Busenquiz und BH-Gefummel
Seitdem steht der öffentlich-rechtliche Sender für Drei- bis 13-Jährige unter Beobachtung des Boulevard. Schon haben die Journalisten der Bild den nächsten mutmaßlichen Skandal aufgedeckt: „KiKa lockt mit Busenmemory“ titelte die Zeitung jüngst. Das klingt gefährlich, dahinter verbirgt sich tatsächlich ein Spiel, bei dem Kinder Brustformen erkennen sollen. Wer nun Sexismus oder gar Pornographie fürchtet, darf sich beruhigen lassen: Es handelt sich um ein Angebot an pubertierende Mädchen, die sich mit der ersten BH-Wahl schwer tun. Im Wesentlichen unterscheidet sich das wenig von herkömmlichen Aufklärungsbüchern, die ebenfalls für Kinder dieses Alters geschrieben werden und spielerisch mit dem Thema umgehen wollen. Das muss niemandem gefallen – aber ein Skandal ist es nun wirklich nicht.

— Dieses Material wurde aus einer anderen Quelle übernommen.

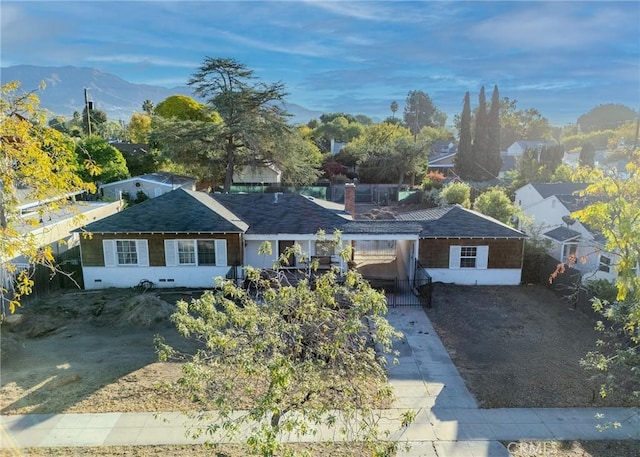 single story home featuring a mountain view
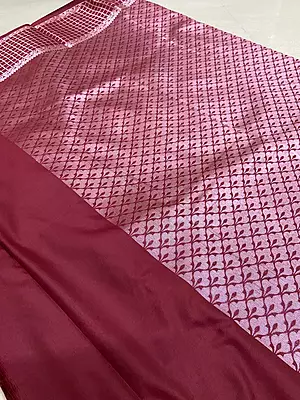 A graceful cream silk saree featuring delicate mauve-toned floral buttas scattered across the body.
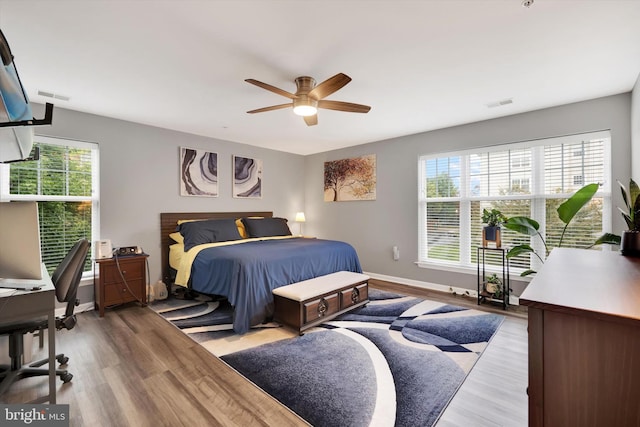 bedroom with multiple windows, ceiling fan, and light hardwood / wood-style flooring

Ein anderes Produkt des Senders ist wesentlich skandalöser. Wie die BZ auftat, zeigt KiKa in einem Kurzclip, wie sich drei Jungs daran versuchen, einer Schaufensterpuppe den BH zu öffnen – einhändig. Das mag der ein oder andere ebenfalls unter Aufklärung verbuchen, tatsächlich muss man fragen, warum ein öffentlich-rechtlicher Sender 13-Jährigen eine solche Fertigkeit vermitteln muss. Und, was für ein Frauenbild es bei jungen Menschen hinterlässt, wenn sie medial eingeflüstert bekommen, ein BH sei zum Öffnen da und Mädchen folglich für ganz andere damit verbundene Aktivitäten.
Nicht alles, was der Kika macht, ist schlecht und nicht jede Geschichte, die nach Skandal klingt und in den vergangenen Wochen veröffentlicht wurde, ist auch einer. Aber die Programmverantwortlichen müssen sich kritische Fragen zum Programmauftrag und dem damit verbundenen Inhalt ihrer Sendungen gefallen lassen. Wer sich nun um das geistige Wohl des eigenen Nachwuches sorgt, dem sei versichert: Zumindest beim Sandmännchen um kurz vor Sieben ist die KiKa-Welt noch in Ordnung. Da gibt es keine nackten Brüste, keine mutmaßlichen Islamisten und keine geöffneten BHs. Nur beruhigenden Schlafsand.